Data

class TALENT.model.lib.data.Dataset(N: Optional[Dict[str, numpy.ndarray]], C: Optional[Dict[str, numpy.ndarray]], y: Dict[str, numpy.ndarray], info: Dict[str, Any])

Bases: object

C: Optional[Dict[str, numpy.ndarray]]
N: Optional[Dict[str, numpy.ndarray]]
info: Dict[str, Any]
property is_binclass: bool
property is_multiclass: bool
property is_regression: bool
property n_cat_features: int
property n_features: int
property n_num_features: int
size(part: str) int

Return the size of the dataset partition.

Args:

  • part: str

Returns: int

y: Dict[str, numpy.ndarray]
TALENT.model.lib.data.data_enc_process(N_data, C_data, cat_policy, y_train=None, ord_encoder=None, mode_values=None, cat_encoder=None)

Process the categorical features in the dataset.

Parameters
  • N_data – ArrayDict

  • C_data – ArrayDict

  • cat_policy – str

  • y_train – Optional[np.ndarray]

  • ord_encoder – Optional[OrdinalEncoder]

  • mode_values – Optional[List[int]]

  • cat_encoder – Optional[OneHotEncoder]

Returns

Tuple[ArrayDict, ArrayDict, Optional[OrdinalEncoder], Optional[List[int]], Optional[OneHotEncoder]]

TALENT.model.lib.data.data_label_process(y_data, is_regression, info=None, encoder=None)

Process the labels in the dataset.

Parameters
  • y_data – ArrayDict

  • is_regression – bool

  • info – Optional[Dict[str, Any]]

  • encoder – Optional[LabelEncoder]

Returns

Tuple[ArrayDict, Dict[str, Any], Optional[LabelEncoder]]

TALENT.model.lib.data.data_loader_process(is_regression, X, Y, y_info, device, batch_size, is_train, is_float=False)

Process the data loader.

Parameters
  • is_regression – bool

  • X – Tuple[ArrayDict, ArrayDict]

  • Y – ArrayDict

  • y_info – Dict[str, Any]

  • device – torch.device

  • batch_size – int

  • is_train – bool

Returns

Tuple[ArrayDict, ArrayDict, ArrayDict, DataLoader, DataLoader, Callable]

TALENT.model.lib.data.data_nan_process(N_data, C_data, num_nan_policy, cat_nan_policy, num_new_value=None, imputer=None, cat_new_value=None)

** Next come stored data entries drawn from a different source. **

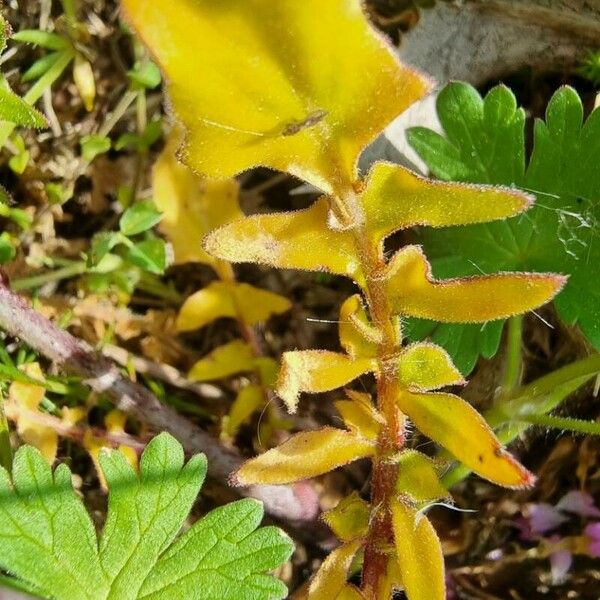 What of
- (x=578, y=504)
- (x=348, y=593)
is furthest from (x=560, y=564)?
(x=348, y=593)

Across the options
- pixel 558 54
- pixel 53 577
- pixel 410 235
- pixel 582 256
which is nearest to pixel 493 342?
pixel 582 256

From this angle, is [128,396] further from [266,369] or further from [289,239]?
[289,239]

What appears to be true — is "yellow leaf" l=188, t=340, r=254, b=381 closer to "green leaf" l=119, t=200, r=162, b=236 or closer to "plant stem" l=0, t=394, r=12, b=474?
"green leaf" l=119, t=200, r=162, b=236

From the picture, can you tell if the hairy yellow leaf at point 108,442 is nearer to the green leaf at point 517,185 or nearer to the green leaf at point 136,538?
the green leaf at point 136,538

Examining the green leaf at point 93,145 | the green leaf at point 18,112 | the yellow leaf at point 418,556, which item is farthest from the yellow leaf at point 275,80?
the green leaf at point 93,145

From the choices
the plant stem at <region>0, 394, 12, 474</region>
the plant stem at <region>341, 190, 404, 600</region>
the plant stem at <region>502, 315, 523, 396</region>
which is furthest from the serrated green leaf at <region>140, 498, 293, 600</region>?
the plant stem at <region>502, 315, 523, 396</region>

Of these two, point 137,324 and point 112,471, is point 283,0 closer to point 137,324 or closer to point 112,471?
point 112,471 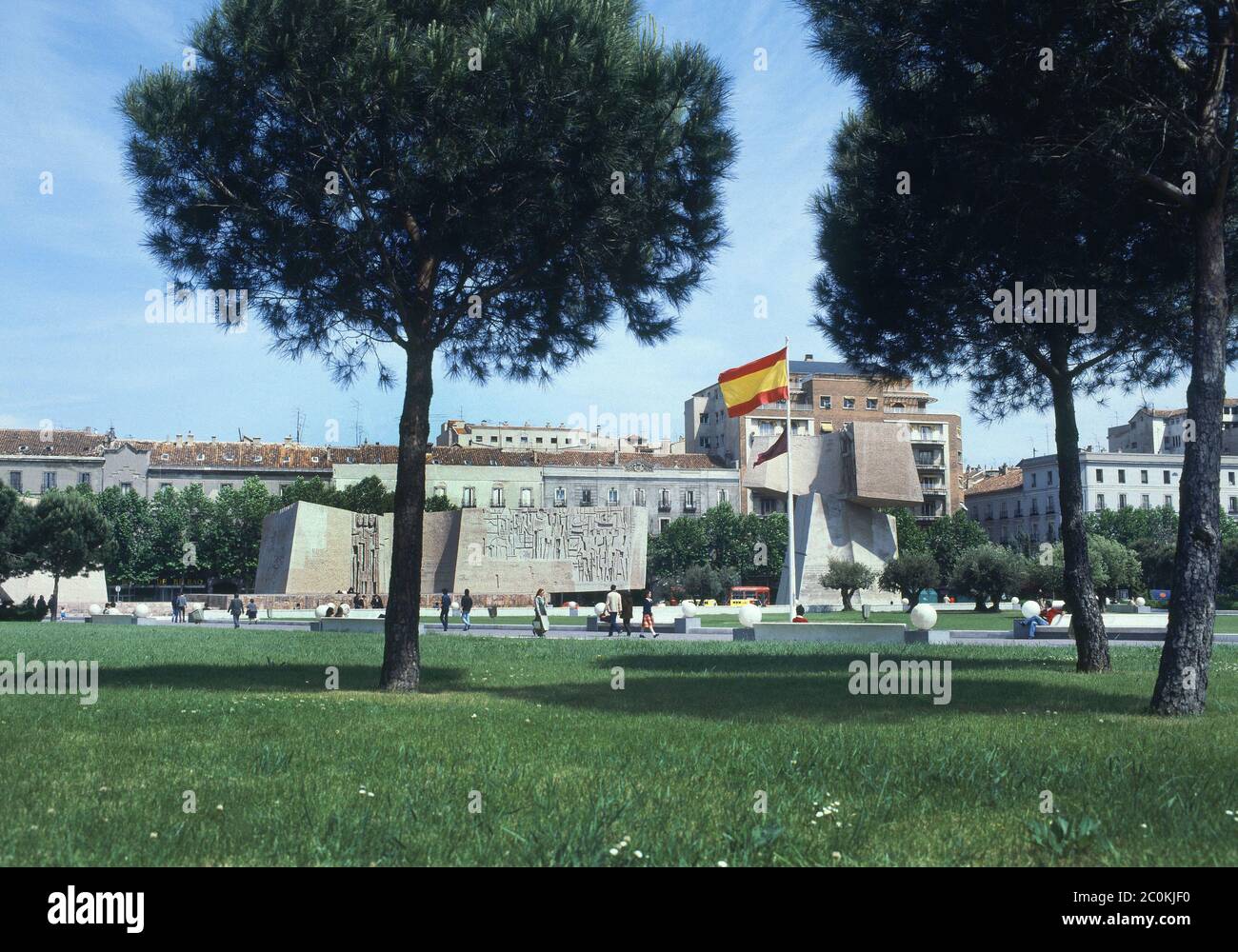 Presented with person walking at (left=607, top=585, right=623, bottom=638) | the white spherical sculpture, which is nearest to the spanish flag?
person walking at (left=607, top=585, right=623, bottom=638)

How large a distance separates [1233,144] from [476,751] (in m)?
10.1

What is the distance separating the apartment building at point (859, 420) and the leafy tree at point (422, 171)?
91399 millimetres

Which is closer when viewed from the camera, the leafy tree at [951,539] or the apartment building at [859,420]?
the leafy tree at [951,539]

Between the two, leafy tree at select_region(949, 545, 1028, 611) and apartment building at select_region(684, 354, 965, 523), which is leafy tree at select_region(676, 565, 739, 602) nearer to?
apartment building at select_region(684, 354, 965, 523)

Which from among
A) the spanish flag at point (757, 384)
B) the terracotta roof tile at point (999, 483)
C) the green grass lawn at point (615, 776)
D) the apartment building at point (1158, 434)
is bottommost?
the green grass lawn at point (615, 776)

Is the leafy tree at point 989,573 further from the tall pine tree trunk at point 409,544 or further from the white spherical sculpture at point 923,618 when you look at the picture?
the tall pine tree trunk at point 409,544

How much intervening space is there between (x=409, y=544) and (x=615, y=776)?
24.0ft

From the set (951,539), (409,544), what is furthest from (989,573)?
(409,544)

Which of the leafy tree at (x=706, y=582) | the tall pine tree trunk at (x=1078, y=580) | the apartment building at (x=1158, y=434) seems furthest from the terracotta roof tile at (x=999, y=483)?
the tall pine tree trunk at (x=1078, y=580)

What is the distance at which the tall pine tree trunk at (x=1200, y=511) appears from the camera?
36.1 feet

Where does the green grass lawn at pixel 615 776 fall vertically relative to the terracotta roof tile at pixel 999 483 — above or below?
below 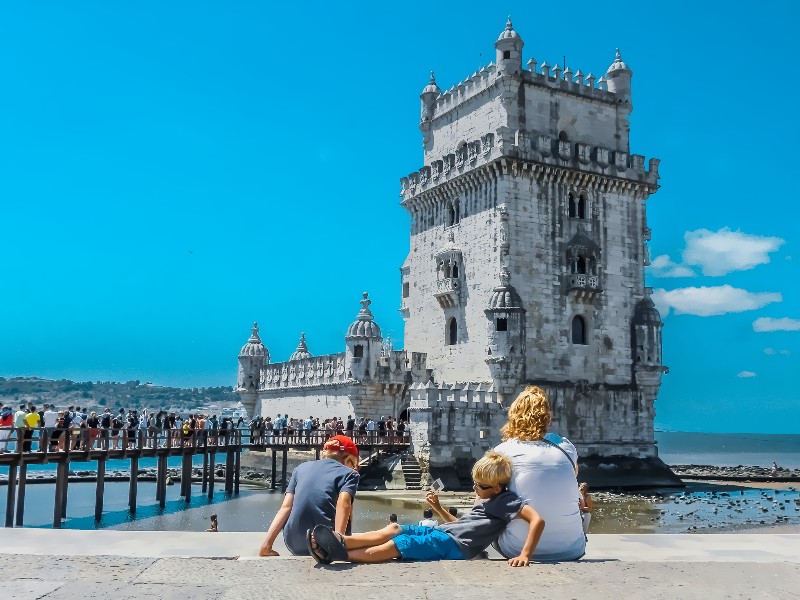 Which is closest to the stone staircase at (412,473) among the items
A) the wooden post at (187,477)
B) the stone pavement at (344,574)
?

Process the NaN values in the dataset.

Parameters
  • N_data – ArrayDict

  • C_data – ArrayDict

  • num_nan_policy – str

  • cat_nan_policy – str

  • num_new_value – Optional[np.ndarray]

  • imputer – Optional[SimpleImputer]

  • cat_new_value – Optional[str]

Returns

Tuple[ArrayDict, ArrayDict, Optional[np.ndarray], Optional[SimpleImputer], Optional[str]]

TALENT.model.lib.data.data_norm_process(N_data, normalization, seed, normalizer=None)

Process the normalization of the dataset.

Parameters
  • N_data – ArrayDict

  • normalization – str

  • seed – int

  • normalizer – Optional[TransformerMixin]

Returns

Tuple[ArrayDict, Optional[TransformerMixin]]

TALENT.model.lib.data.dataname_to_numpy(dataset_name, dataset_path)

Load the dataset from the numpy files.

Parameters
  • dataset_name – str

  • dataset_path – str

Returns

Tuple[ArrayDict, ArrayDict, ArrayDict, Dict[str, Any]]

TALENT.model.lib.data.get_categories(X_cat: Optional[Dict[str, torch.Tensor]]) Optional[List[int]]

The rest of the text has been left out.